In 1965 Their Lordships, in their wisdom, saw fit to send me as a Sub Lieutenant watchkeeper to the Prince Louis at the Moray Outward Bound Sea School, Elgin, Scotland. This was certainly different to watch I had just completed doing in Singapore in HMS CAESAR. At the time Prince Louis was commanded by Commander Victor Clark DSC RN. We operated out of Burghead (also used as the name of a BAY-Class frigate). We had a Master (Victor Clark), a Mate (ex-Merchant Navy), an Engineer, myself (RN) and another watchkeeper (British Army - never quite figured that one out).

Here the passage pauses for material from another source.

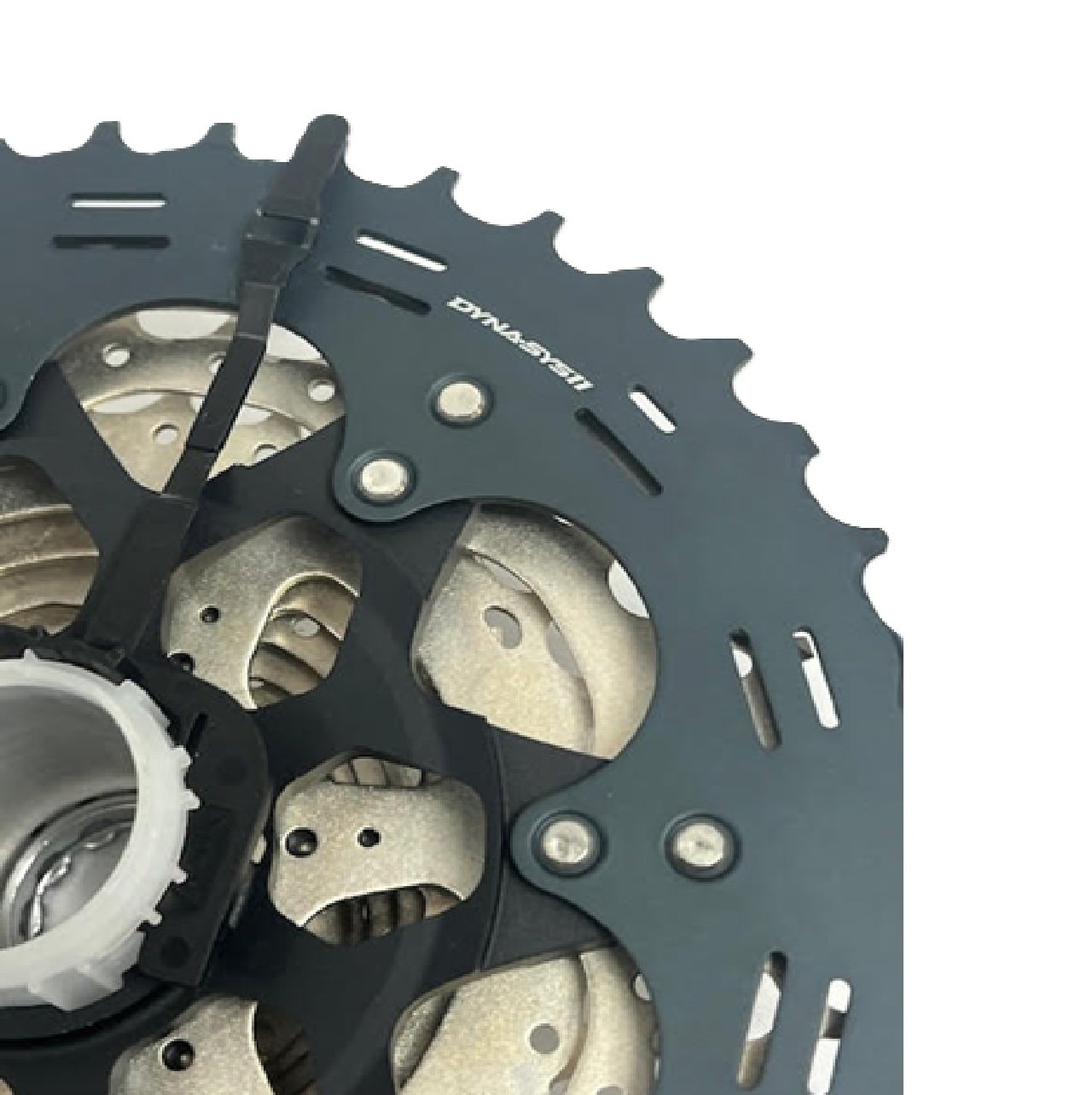 Shimano SLX 11 Speed MTB Cassette 11-42 cs-M7100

We took groups of 24 teenage boys on three day cruises off the eastern cost of Scotland. On one of those cruises the wind was so favourable that we actually made it to the Orkneys and I have a photo of us under full sail off Stromness. I should add that this photo does NOT resemble the pic elsewhere on this website.

When the young men arrived onboard CDR Clark gave them a welcoming address. Later that same day, in the true tradition of the Royal Navy not wishing to waste a moment of anyone's time on board, he also gave a presentation of his voyage around the world in his ketch SOLACE. I have a signed copy of his book about this three-year epic.

Prince Louis was built in Denmark during WW2. A striking feature of her construction was the closeness of her ribs. They were so close that you could not put you clenched fist between them. The story, true or false, was that as this was a wartime construction the builders were intent on occupying the slipway for as long as possible whilst using as much material as possible. They were alleged to have partially dismantled the vessel overnight. If it is not true, at least its a good story.

The strength of her hull was tested twice a day in Scotland when we grounded in Burghead.